Problem to work on
Each line below from the "O.TWO.O Contour Stick" line through the "Fenced yard in" line, those two included, must be restated word for word; the pictures must not be.

Material supplied
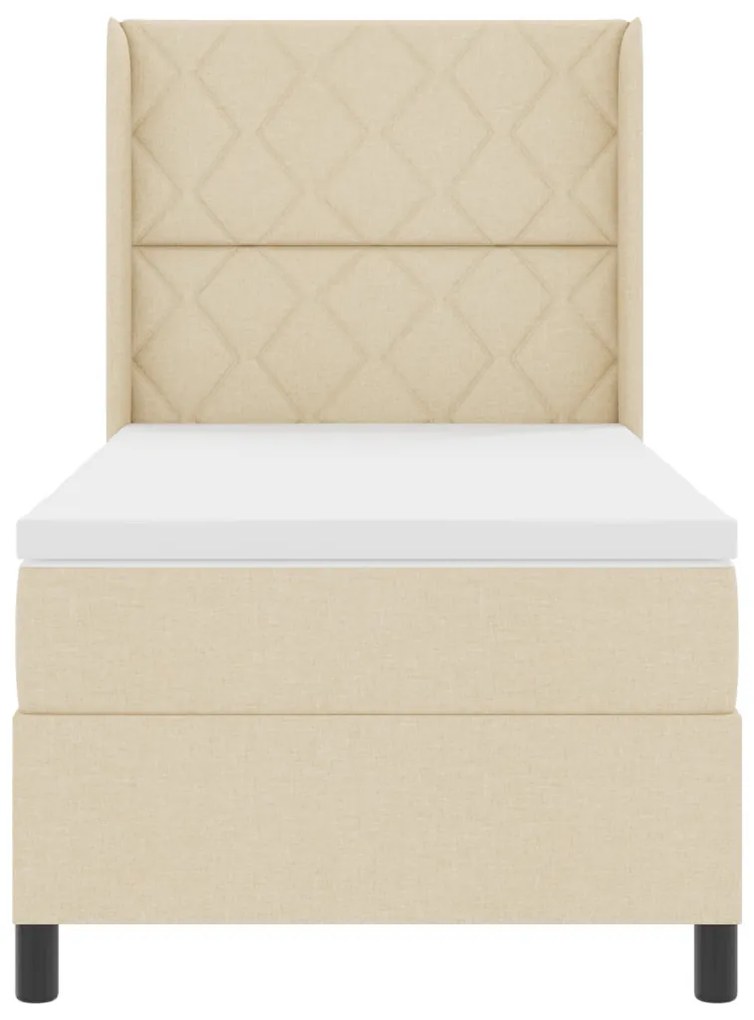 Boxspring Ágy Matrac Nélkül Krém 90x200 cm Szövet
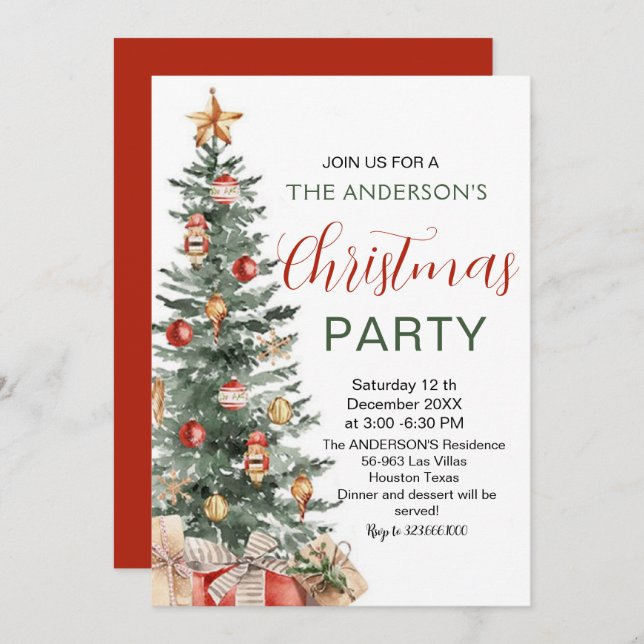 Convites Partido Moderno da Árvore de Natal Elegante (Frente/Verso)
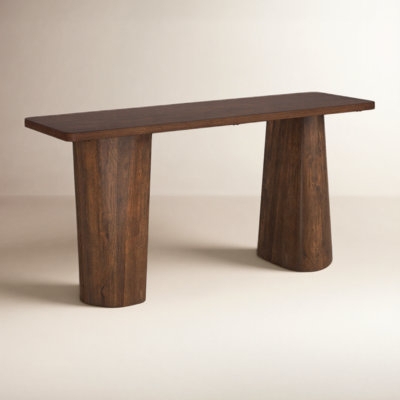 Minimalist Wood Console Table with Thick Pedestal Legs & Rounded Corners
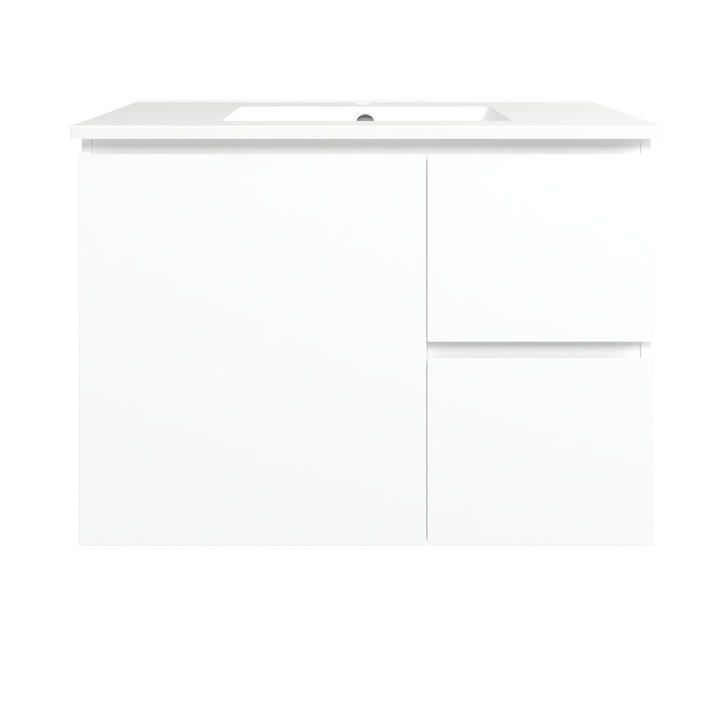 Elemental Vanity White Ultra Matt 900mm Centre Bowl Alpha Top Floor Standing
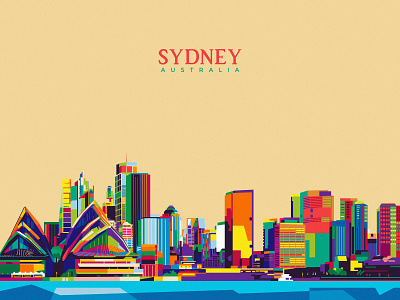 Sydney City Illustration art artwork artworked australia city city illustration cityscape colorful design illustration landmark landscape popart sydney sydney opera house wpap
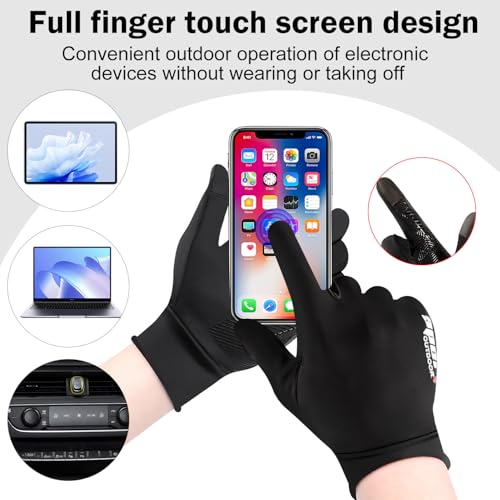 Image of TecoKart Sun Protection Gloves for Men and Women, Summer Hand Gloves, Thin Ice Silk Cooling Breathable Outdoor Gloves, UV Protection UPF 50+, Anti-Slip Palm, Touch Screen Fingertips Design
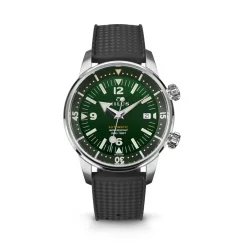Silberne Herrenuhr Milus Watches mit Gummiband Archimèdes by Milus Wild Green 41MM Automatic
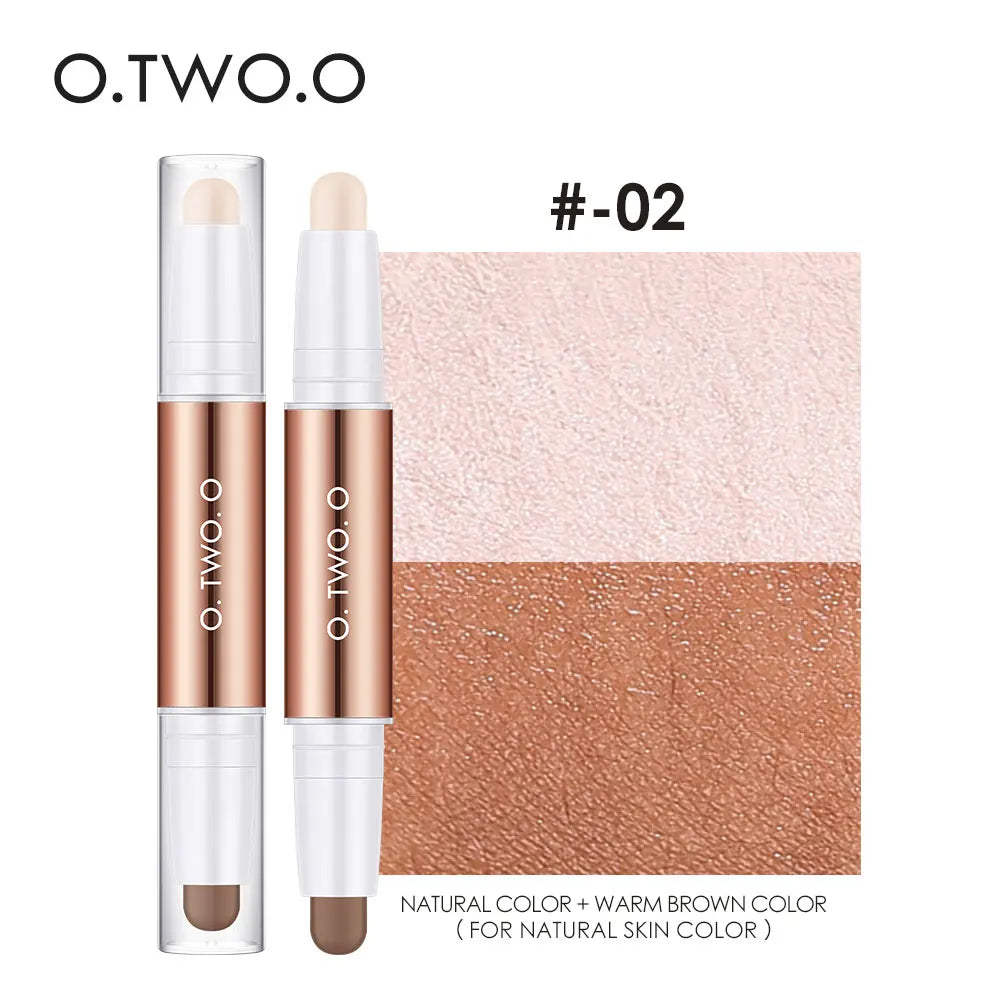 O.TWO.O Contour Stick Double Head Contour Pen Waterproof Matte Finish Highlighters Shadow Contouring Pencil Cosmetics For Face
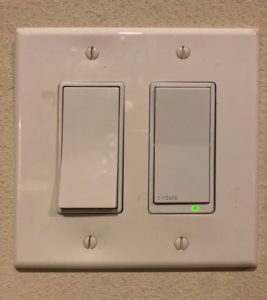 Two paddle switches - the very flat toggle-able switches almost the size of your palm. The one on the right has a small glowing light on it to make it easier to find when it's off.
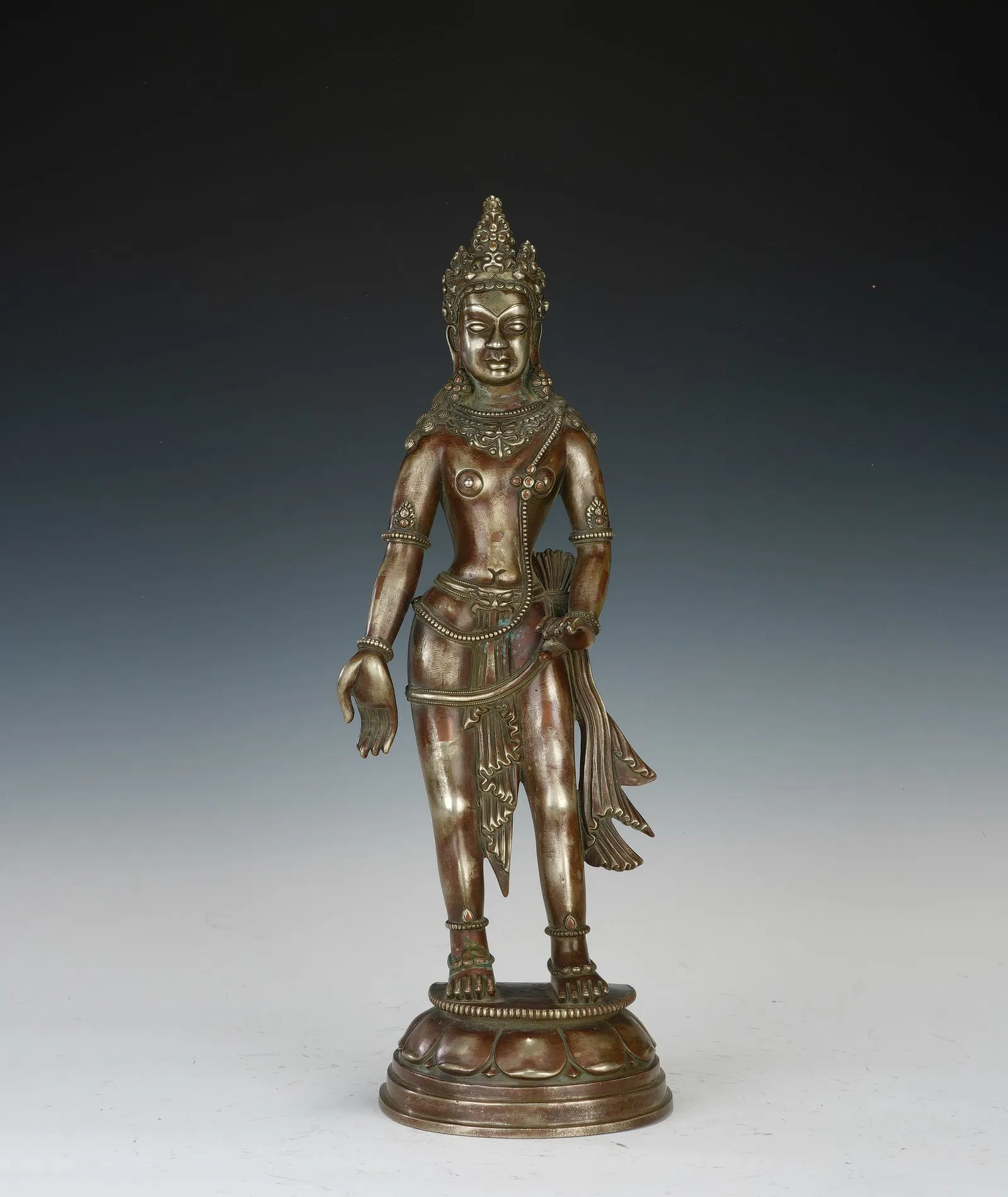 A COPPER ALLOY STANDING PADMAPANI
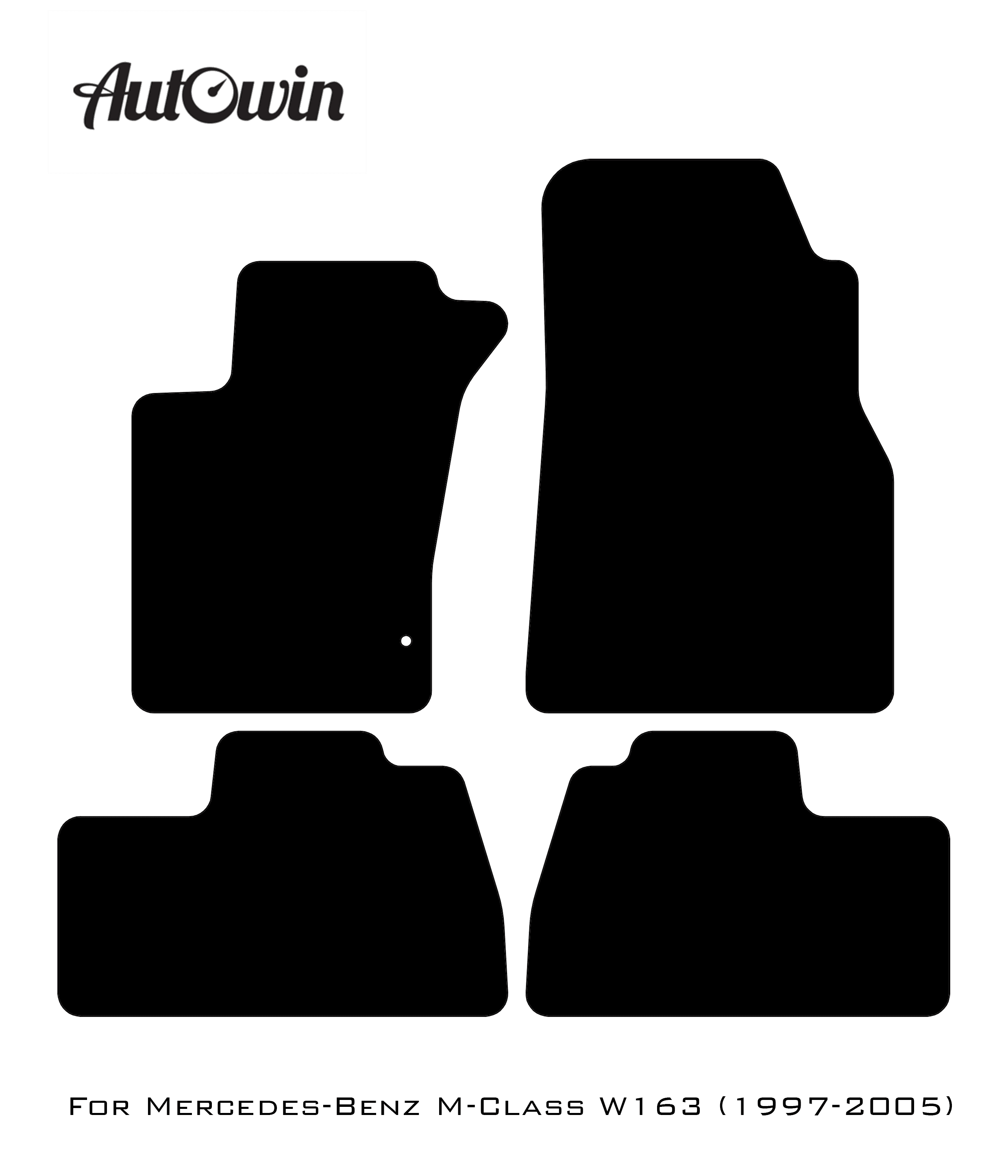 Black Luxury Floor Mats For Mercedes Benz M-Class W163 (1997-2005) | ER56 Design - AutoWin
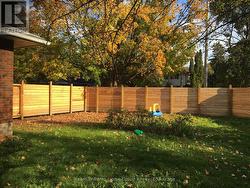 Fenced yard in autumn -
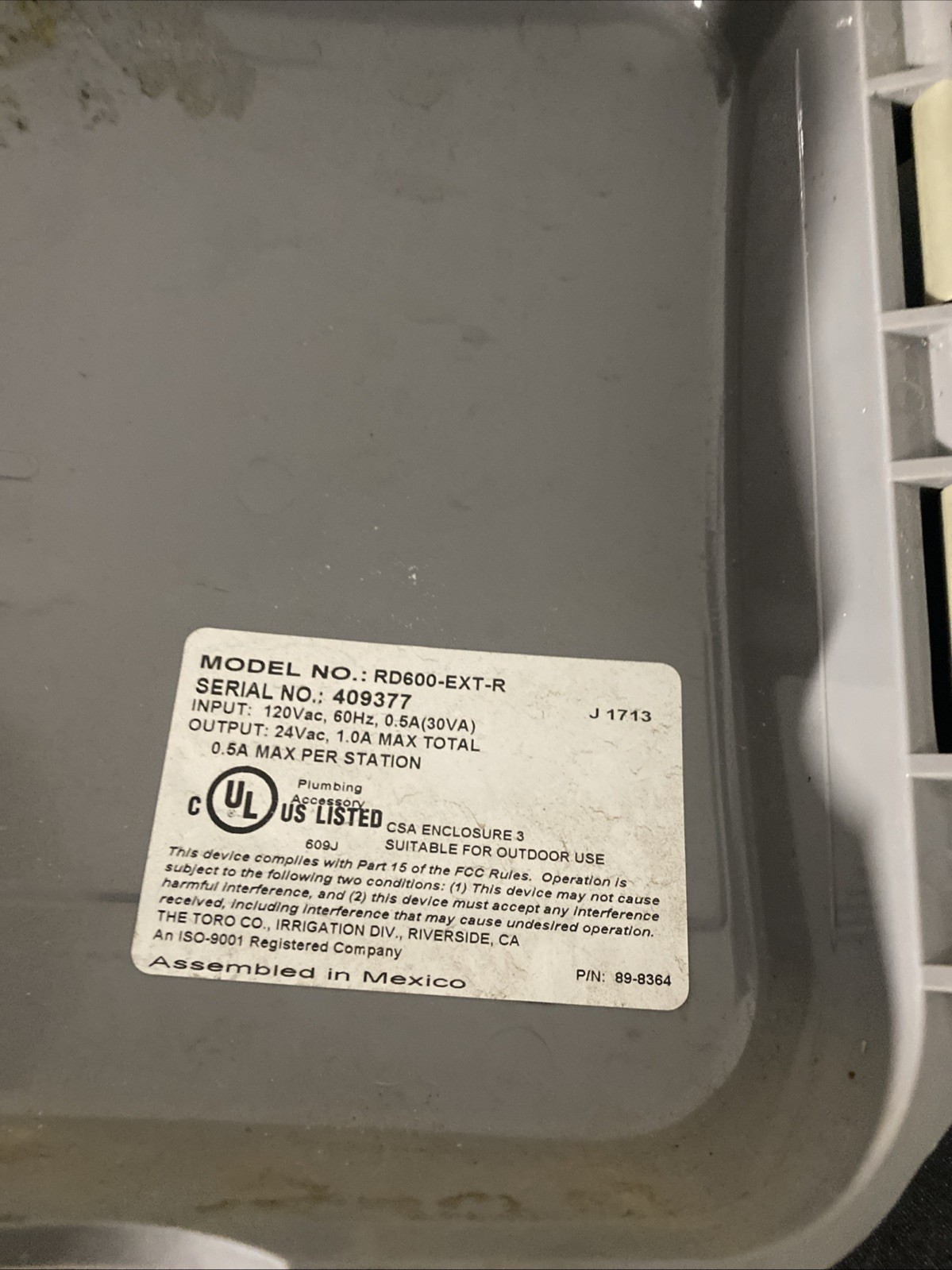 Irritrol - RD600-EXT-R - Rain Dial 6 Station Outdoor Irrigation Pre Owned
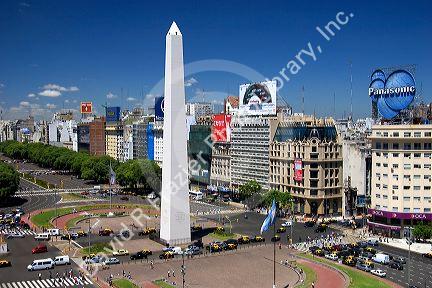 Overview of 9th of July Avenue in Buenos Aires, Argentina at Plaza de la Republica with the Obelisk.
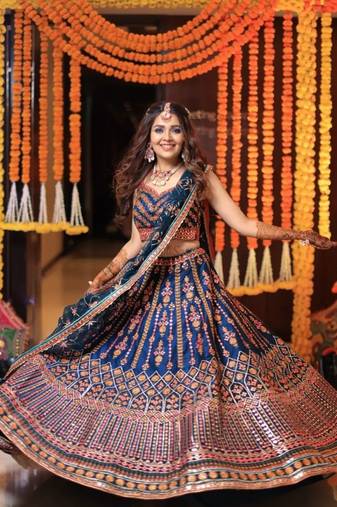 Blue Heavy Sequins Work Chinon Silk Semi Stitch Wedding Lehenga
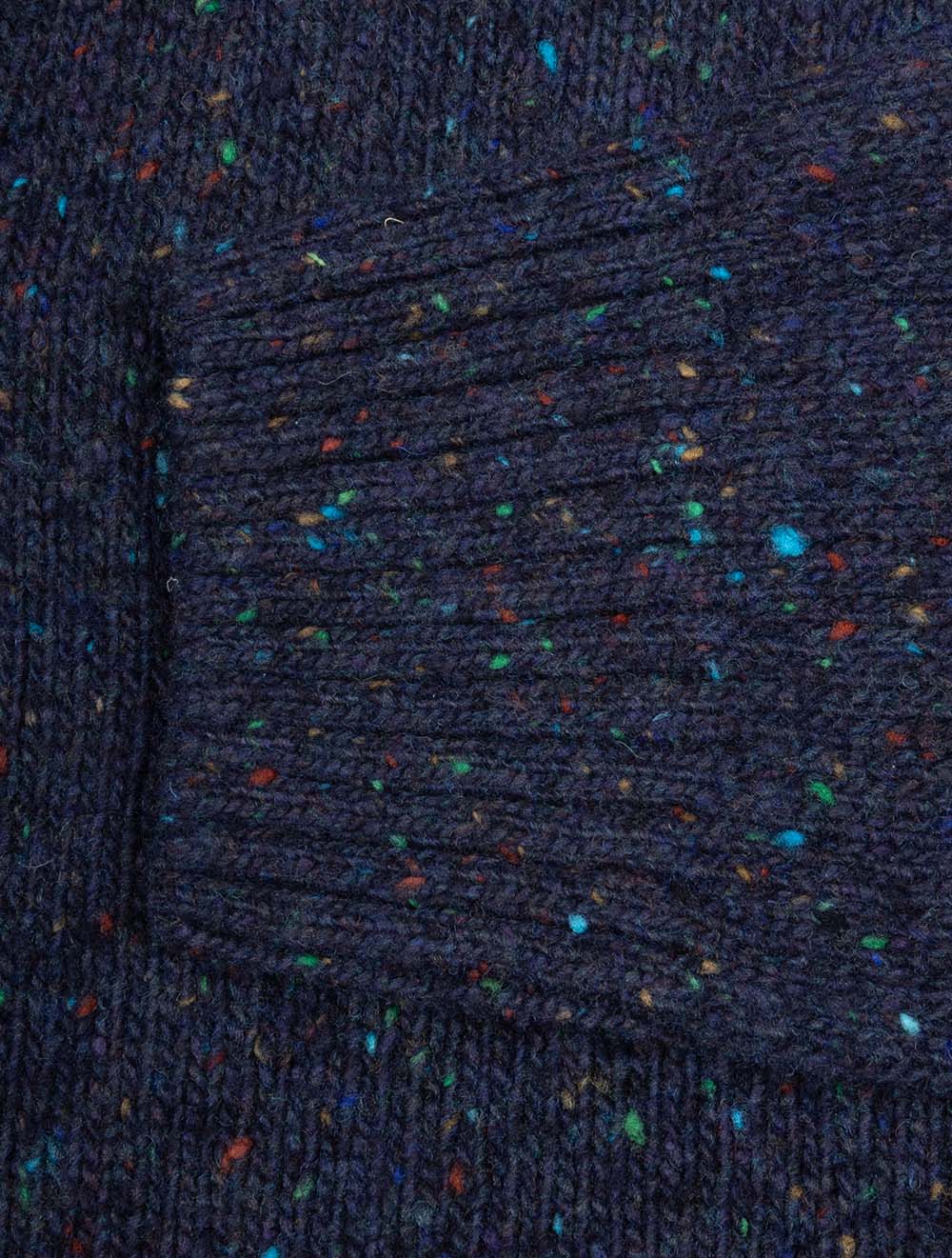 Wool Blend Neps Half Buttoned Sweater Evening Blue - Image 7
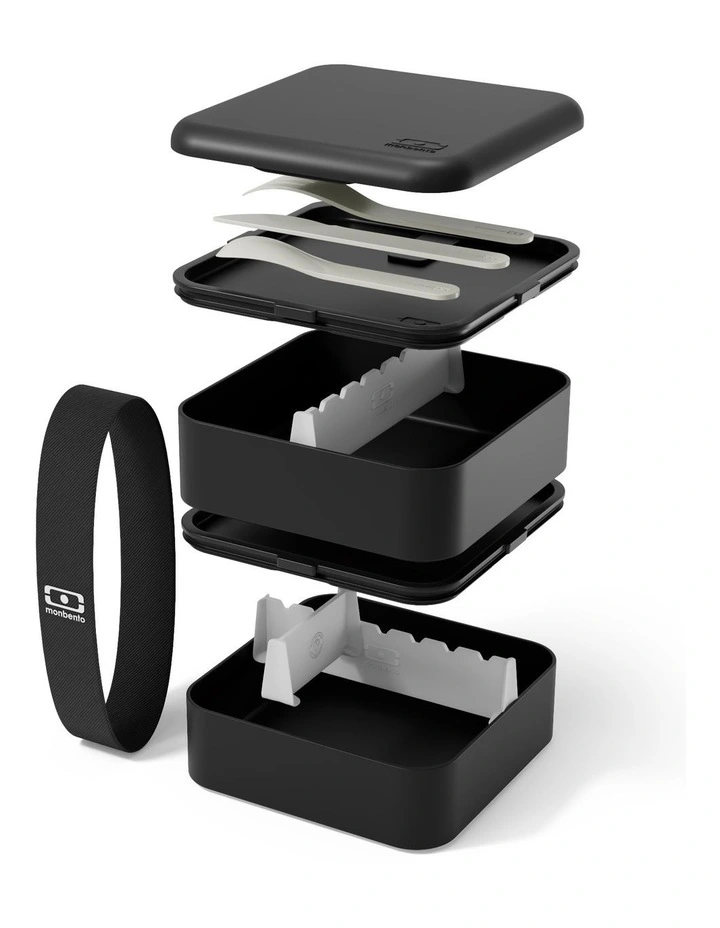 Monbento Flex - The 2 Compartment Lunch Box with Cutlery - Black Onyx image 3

Solution below
 O.TWO.O Contour Stick Double Head Contour Pen Waterproof Matte Finish Highlighters Shadow Contouring Pencil Cosmetics For Face
 Two paddle switches - the very flat toggle-able switches almost the size of your palm. The one on the right has a small glowing light on it to make it easier to find when it's off.
 A COPPER ALLOY STANDING PADMAPANI
 Black Luxury Floor Mats For Mercedes Benz M-Class W163 (1997-2005) | ER56 Design - AutoWin
 Fenced yard in autumn -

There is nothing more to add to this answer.